The New York Times, having feasted for days on remarks about President Obama made by former New York City Governor Rudy Giuliani at a private dinner for Scott Walker, is now switching targets to Walker himself.
The Wisconsin governor and presidential hopeful, immensely popular among conservatives for taking on his state's public-sector unions and triumphing in a recall election, is being chided by the Times for refusing to condemn what Giuliani said about Obama: "I do not believe, and I know this is a horrible thing to say, but I do not believe that the president loves America. He doesn’t love you. And he doesn’t love me. He wasn’t brought up the way you were brought up and I was brought up through love of this country."
Left-wing Times columnist Charles Blow was predictably outraged by Giuliani's "vile statement," defending Obama's criticism of the United States by insisting that "sometimes, America requires critique. Jingoism is an avoidance of realism."
Meanwhile, reporters Michael Barbaro and Michael D. Shear took time out of their busy schedules to assure Times readers that "President Obama Has, in Fact, Expressed Love for His Country," and even found some examples, albeit peppered with criticism of America.
Jonah Goldberg at National Review had an alternative take on Giuliani's remarks that would surely make Times reporters faint.
More than any other president, Obama was raised with a detachedly critical view of America.
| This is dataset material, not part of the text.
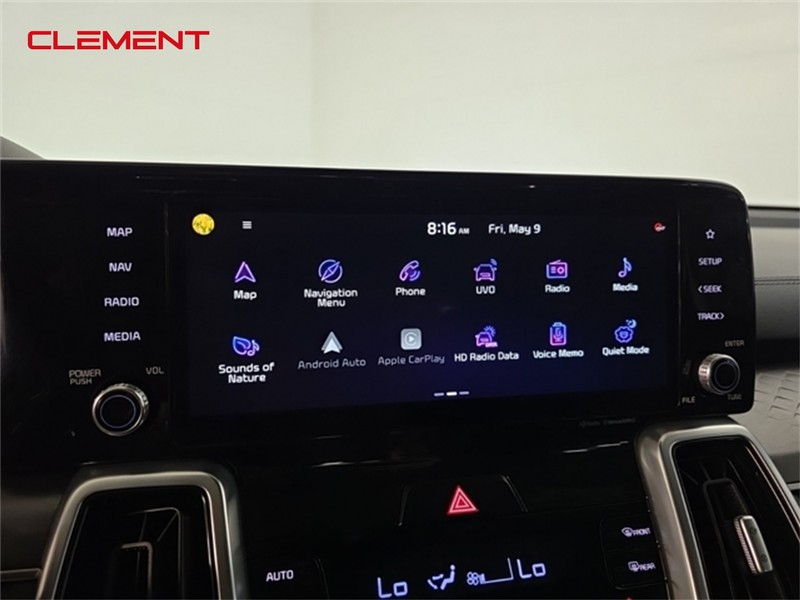 Kia Sorento Vehicle Image 14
He grew up abroad and in Hawaii, which is as close as you can get to growing-up abroad and still be in the United States. (Sorry, I love Hawaii, but it’s true.) At school he hung out mostly with the foreign-exchange students from Pakistan. “For years when Barack was around them, he seemed to share their attitudes as sophisticated outsiders who looked at politics from an international perspective,” David Maraniss writes in his biography of Obama. “He was one of them, in that sense.”
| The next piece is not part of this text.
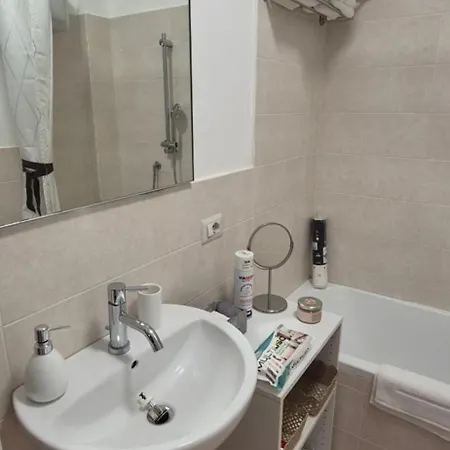 Aroma Vaticano - A San Pietro Appartamento *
Reporter Trip Gabriel's Monday front-page story on Walker naturally played up the Guiliani remarks: "In Pre-Primary Pivot to Right, Walker Shifts Tone on Abortion." An earlier online headline was "harder"-edged: "Scott Walker Hardens Tone on Social Issues to Woo Christian Conservatives."
Mr. Bush and other presidential hopefuls said the president’s patriotism was not in doubt. But Mr. Walker repeatedly said he did not know. On Saturday, he said he did not know whether Mr. Obama was a Christian.
The next line was in an earlier version of Gabriel's story but excised from the final version. It was captured by the change-tracking website NewsDiffs:
His remarks, which infuriated Democrats, are likely to play well with hard-right elements of the Republican base, suggesting a degree of calculation about them.
Calculation? Gabriel omitted the fact that Walker wasn't the one who brought up Obama's religion; a Washington Post reporter goaded him with the question. The governor refused to participate in the game of gotcha. Somehow that becomes calculation on Walker's part.
Maggie Haberman used the Post's gotcha to create a wedge between the "establishment" GOP and Gov. Walker in her Saturday online report, "Republicans Scott Walker’s Handling of Giuliani Comments."
While former Mayor Rudolph W. Giuliani of New York has been criticized for remarks he made at a small dinner event in Manhattan about President Obama and his “love” for America, establishment Republicans also have questioned the reaction of the person being honored at that reception, Gov. Scott Walker of Wisconsin, who is a likely Republican presidential contender in 2016....But his lack of any separation from Mr. Giuliani over the comments has frustrated some senior Republicans, who said Mr. Walker was still not sure-footed on the national stage.